The authors conducted a thorough analysis of the question why the aggressor country’s science remains untouchable, even with 19,000 different sanctions imposed on Russia. It actively spreads propaganda through scientific publications.
Oleksii Plastun argued: “Russian scientists, as well as their authorities, designate the occupied territories as Russian in affiliations and editorial board biographies. For example, if the author is from Donetsk, the article will be signed “Donetsk, Russia”. Besides, Russian scholars have even managed to add Kherson to Russia, which was occupied for a relatively short time. Besides, international publishers keep working with Russian universities and research institutes that express war support”.

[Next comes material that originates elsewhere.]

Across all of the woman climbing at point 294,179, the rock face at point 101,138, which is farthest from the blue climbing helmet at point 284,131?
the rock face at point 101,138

To be published in a journal, any article must be analyzed by several reviewers. Such an editing procedure is necessary to sift out low-quality papers. Therefore, the article authors wanted to understand who reviews Russian papers and gives them the status of a peer-reviewed publication.
Out of 300 Russian journals published by international publishers or added to the Scopus database in 2022-2023, we selected 140 with two or more foreigners in their editorial boards. We selected 709 foreign members of editorial boards in these journals. We wrote to each of them, citing examples of Russian propaganda in scientific articles. We asked if they were planning to leave the editorial board.
8 people had already died. 9 persons retired. There were 148 people from whom we received responses as of 20 August 2024. 45 persons learned from us for the first time that they were members of editorial boards. 100 individuals were on the list only formally, that is they did not perform any reviewer duties. At the same time, 89 scientists reported that they planned to resign from editorial boards or had already written a letter of resignation to Elsevier. 22 researchers said they would continue to cooperate. 5 people did not express any position on this issue.
Thus, Russian journals mislead readers about their editorial boards. They violate the academic integrity principles.
The article focuses on the following questions. Is it necessary to impose sanctions on Russian science? Why do international publishers print Russian journals? What work is being done by the Ministry of Education and Science in this situation? What can be done to change the loyal attitude to science of the aggressor country?
In this article, the authors show the problem scale and call on concerned scientists to get involved in solving it.